Colmar has been distributing chickens to households since 2015, and the initiative has been met with enough success that chicken drives happen twice a year now.

But Colmar is far from the only place in France rolling out innovative green initiatives - an increasing number of green mayors and local politicians means that many towns are trying out new methods of aiding the environment.

Here's a few examples;

Free worms

Several cities and municipalities across the country have launched initiatives to encourage composting, with many offering free worms to help.

For those living in Paris, free worm composting bins can be retrieved during the city's distribution campaigns, which are usually announced on the Town Hall’s website. The city also offers a short, 45-minute training session to learn how to use the bin.  

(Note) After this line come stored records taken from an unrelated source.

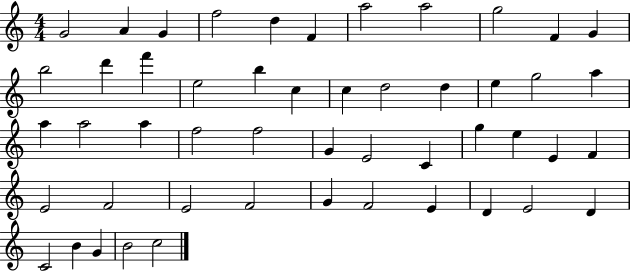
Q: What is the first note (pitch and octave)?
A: G4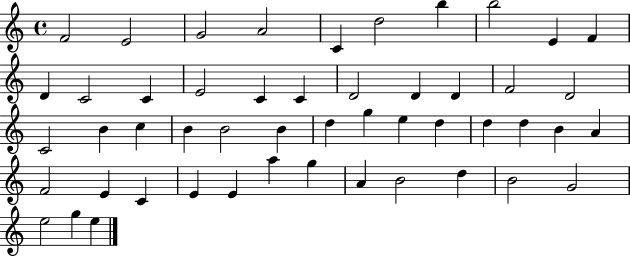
{
  \clef treble
  \time 4/4
  \defaultTimeSignature
  \key c \major
  f'2 e'2 | g'2 a'2 | c'4 d''2 b''4 | b''2 e'4 f'4 | \break d'4 c'2 c'4 | e'2 c'4 c'4 | d'2 d'4 d'4 | f'2 d'2 | \break c'2 b'4 c''4 | b'4 b'2 b'4 | d''4 g''4 e''4 d''4 | d''4 d''4 b'4 a'4 | \break f'2 e'4 c'4 | e'4 e'4 a''4 g''4 | a'4 b'2 d''4 | b'2 g'2 | \break e''2 g''4 e''4 | \bar "|."
}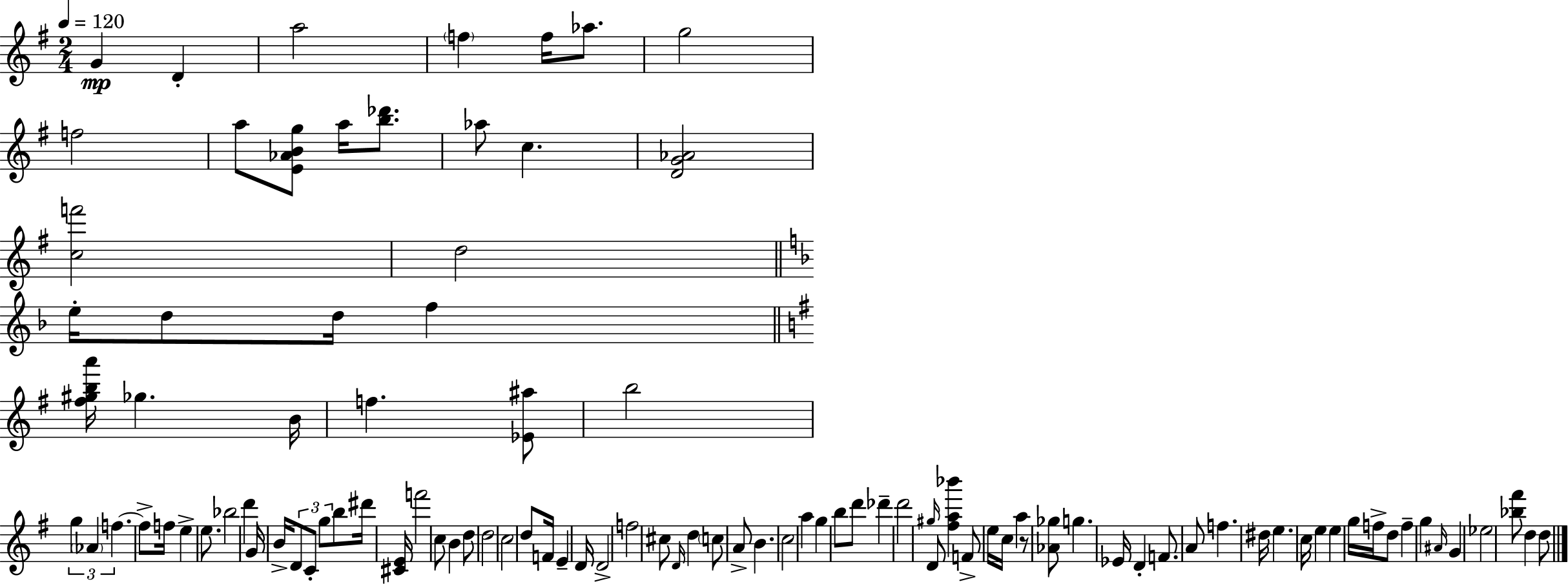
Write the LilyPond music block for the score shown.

{
  \clef treble
  \numericTimeSignature
  \time 2/4
  \key g \major
  \tempo 4 = 120
  \repeat volta 2 { g'4\mp d'4-. | a''2 | \parenthesize f''4 f''16 aes''8. | g''2 | \break f''2 | a''8 <e' aes' b' g''>8 a''16 <b'' des'''>8. | aes''8 c''4. | <d' g' aes'>2 | \break <c'' f'''>2 | d''2 | \bar "||" \break \key f \major e''16-. d''8 d''16 f''4 | \bar "||" \break \key e \minor <fis'' gis'' b'' a'''>16 ges''4. b'16 | f''4. <ees' ais''>8 | b''2 | \tuplet 3/2 { g''4 \parenthesize aes'4 | \break f''4.~~ } f''8-> | f''16 e''4-> e''8. | bes''2 | d'''4 g'16 b'16-> \tuplet 3/2 { d'8 | \break c'8-. g''8 } b''8 dis'''16 <cis' e'>16 | f'''2 | c''8 b'4 d''8 | d''2 | \break c''2 | d''8 f'16 e'4-- d'16 | d'2-> | f''2 | \break cis''8 \grace { d'16 } d''4 \parenthesize c''8 | a'8-> b'4. | c''2 | a''4 g''4 | \break b''8 d'''8 des'''4-- | d'''2 | \grace { gis''16 } d'8 <fis'' a'' bes'''>4 | f'8-> e''16 c''16 a''4 | \break r8 <aes' ges''>8 g''4. | ees'16 d'4-. f'8. | a'8 f''4. | dis''16 e''4. | \break c''16 e''4 e''4 | g''16 f''16-> d''8 f''4-- | g''4 \grace { ais'16 } g'4 | ees''2 | \break <bes'' fis'''>8 d''4 | d''8 } \bar "|."
}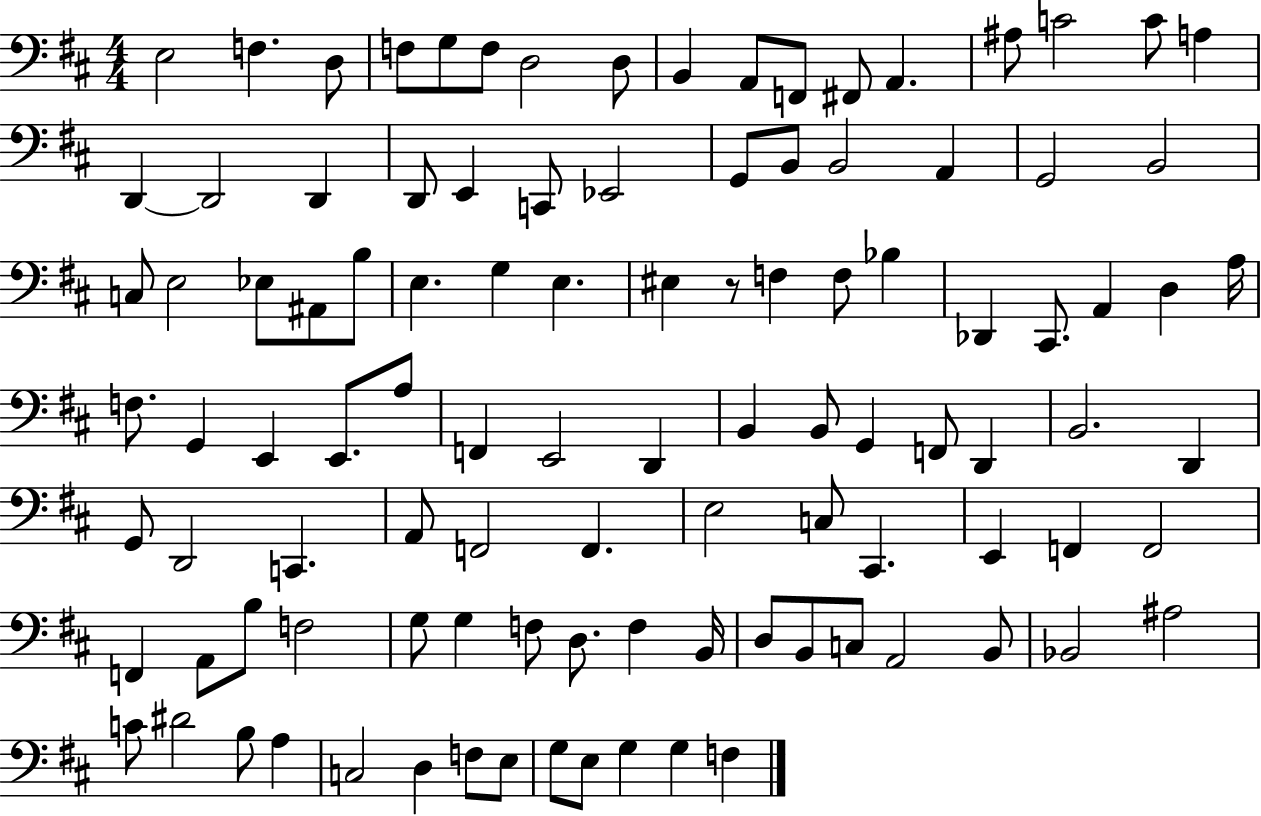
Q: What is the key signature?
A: D major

In other parts of France, like the Aix-Marseille-Provence metropolitan area, you can order a €10 wooden composter or an individual worm composter on the local authority’s website. In the Greater Lyon area, your town hall can send you composting materials for free if you register online.

READ MORE: Free worms: How to start composting in France

Composting is also set to become more standardised in France. Starting in January 2024, all local authorities across the country will need to give households a way to compost – whether that be via separate bins for collection, individual or collective composting.


Vegetarian and organic school lunches

Since 2014, the city of Grenoble has been reducing the amount of meat offered on school lunch menus. At the start of the 2022-2023 school year, the city moved to a full vegetarian menu. Students can still choose to take a meal with meat or fish, but they are now given the option for a vegetarian alternative each day. 

The menu offered includes three choices: red (a meal with meat or fish), blue (a meal with fish), or green (a vegetarian meal). Parents have 72 hours to choose their child's meal ahead of time, but if they forget then the default will be vegetarian. 

"We want to reverse the logic. Before, the standard menu was with meat or fish, and people would need to request a meal without pork or without meat. Now, we are trying to flip that," Eric Piolle, the Green party mayor of Grenoble told Franceinfo in September.

Another French town, Langouët, located in Brittany, outside of Rennes, offers 100 percent organic meals in their school canteen.


'Oases' for school courtyards

As heatwaves become more common in France, Paris often suffers from being a 'heat island'. In order to help keep the city cool, the town hall launched "Project Oasis". The plan is to remove asphalt from school yards and increase green space.

READ MORE: Trees to trams: How French cities are adapting to summer heatwaves

As schoolyards take up over half a million square metres in Paris, this offers a large amount of space that can be radically cooled down. In 2020, the city started with just three schools, and will continue expanding throughout the decade.

The plan goes beyond simply adding grass to courtyards - the holistic approach involves creative engineering intended to increase social cohesion and inclusion at French schools.

Sustainable Christmas

In 2020, the mayor of Bordeaux, Pierre Hurmic, made headlines when he announced that the city would no longer put "dead trees" on display in its squares during Christmastime. Instead, the city of Bordeaux unveiled an art installation by a local artist, which was made up of recycled glass in the shape of a tall Christmas tree, holding true to the seasonal colour of emerald green.

More recently, the town of Évian-les-Bains, located in the Alps in south-eastern France, continued their 16-year tradition of 'alternative' Christmas markets in 2022. The items offered in the market - most of which are sculptures and artistic objects - are all homemade and completely free with the primary goal of decreasing waste.

As a result, many people opt for driftwood to put together their Christmas-themed sculptures.

All food offered is local, offered on reusable cups and plates. In 2022, there was a lit-up Christmas tree, which was powered by the peddling feet of several members of the public who kept green energy flowing into the lights.